_GIVEN RECORDS_
--------------------------------

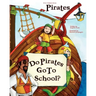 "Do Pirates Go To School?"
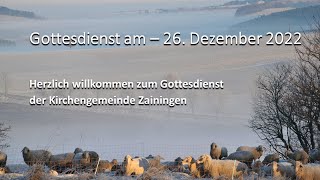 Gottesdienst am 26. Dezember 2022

--------------------------------

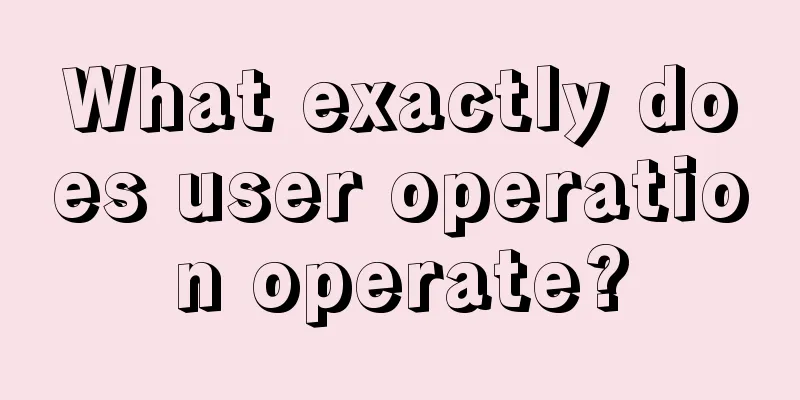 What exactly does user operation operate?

--------------------------------

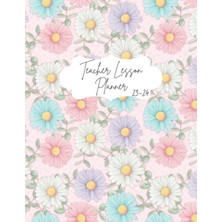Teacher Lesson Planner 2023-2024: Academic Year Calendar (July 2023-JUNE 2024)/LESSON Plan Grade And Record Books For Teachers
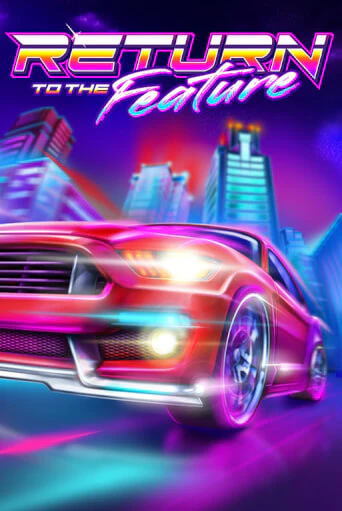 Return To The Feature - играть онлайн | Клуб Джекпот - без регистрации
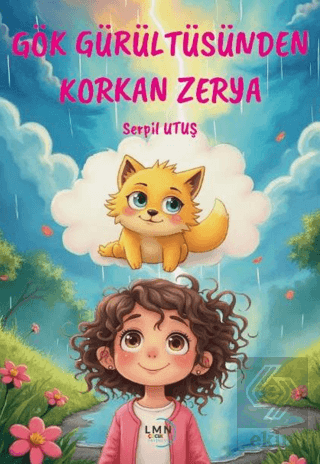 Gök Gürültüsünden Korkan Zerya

--------------------------------

_WORK TASK_
Output only the lines above from the line that holds "Teacher Lesson Planner" through the line that holds "Gök Gürültüsünden Korkan Zerya", both ends included, and exclude pictures.

_OUTPUT FOR THIS TASK_
Teacher Lesson Planner 2023-2024: Academic Year Calendar (July 2023-JUNE 2024)/LESSON Plan Grade And Record Books For Teachers
 Return To The Feature - играть онлайн | Клуб Джекпот - без регистрации
 Gök Gürültüsünden Korkan Zerya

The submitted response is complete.